Радамист сложил руки вместе.
– Я умоляю тебя. Дай мне шанс доказать свою преданность.
– У тебя было много шансов. Гораздо больше, чем любой другой человек имеет право ожидать от судьбы.
Радамист повернулся к Зенобии и ткнул в нее пальцем.
– Она сделала меня таким! Это она, всегда она, отравляла мой разум шепотом и обещаниями о том, что будет. Планировала все, всегда плела свои интриги.
Катон увидел потрясенное выражение на ее лице, затем страх, а затем холодную ярость, и все это в мгновение ока, а ее губы скривились в усмешке.
– Вы обвиняете меня в интригах? Меня? Я была преданна вам так же, как вы никогда не были своему отцу. Если я замышляла что-либо, то только потому, что меня заставляли.
– Ты врешь! Я никогда не заставлял тебя. Отец, она лжет!

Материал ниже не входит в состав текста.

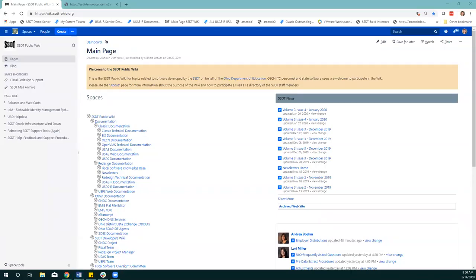Good morning and welcome to Fridays with Fiscal. Today we are going to be talking about AP invoices — I have a more specific topic we're going to hone in on. Before we get started, I may have clicked a button that muted everyone earlier, so if you have any questions throughout, let me know. If you are muted, the button in the bottom left corner will unmute you.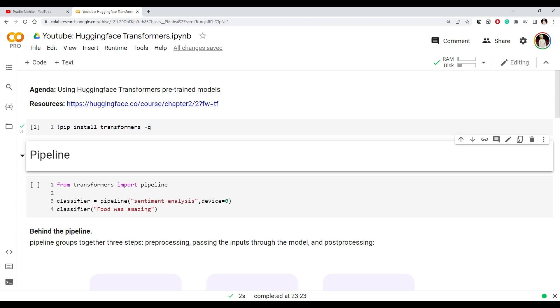Hi everyone, today we will learn about the Transformer library. We will see how to use pre-trained models from Transformers to perform tasks like sentiment analysis, question answering, summarization, etc.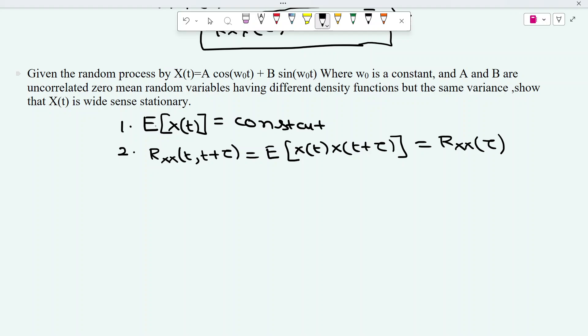If you go through the problem: given the random process x(t) = a·cos(ω₀t) + b·sin(ω₀t), where ω₀ is a constant, and a and b are uncorrelated zero-mean random variables having different density functions but the same variance — we need to show that x(t) is a wide sense stationary process.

– Молчи, глупец, – огрызнулась она. – Да, глупец ... Как глупо увидеть, что царь уже решил твою судьбу. Слишком глупо осознать, что ты ничего бы не добился, если бы я не уговаривала тебя делать то, что было необходимо, и постоянно бороться, чтобы твоя жестокая натура не разрушила все, чего я заставила тебя достичь. – Она покачала головой. – Все кончено. Ваше Величество, это правда. У вашего сына дурная душа, и я сделала все, что могла, чтобы направить его к тому, что было правильно. Если я и поступала неправильно, то только из-за того, что пыталась заставить Радамиста сделать то, что было лучше для него и вас. Я не заслуживаю того, чтобы разделить его судьбу. Прошу меня пощадить.
Радамист задрожал от ярости при ее словах. Затем, прежде чем кто-либо успел среагировать, он прыгнул на нее. Она повернулась, ее рот открылся, чтобы закричать, но с ее губ сорвался только резкий вздох. Катон бросился вперед и ударил Радамиста кулаком в челюсть. Иберийский царевич отшатнулся, ошеломленный, и двое стражников быстро взяли его за руки и скрутили их за спину. В его руке был небольшой кинжал с тонким лезвием, измазанным малиновым оттенком. Катон повернулся к Зенобии. Она посмотрела вниз и увидела красное пятно на ее бархатном платье.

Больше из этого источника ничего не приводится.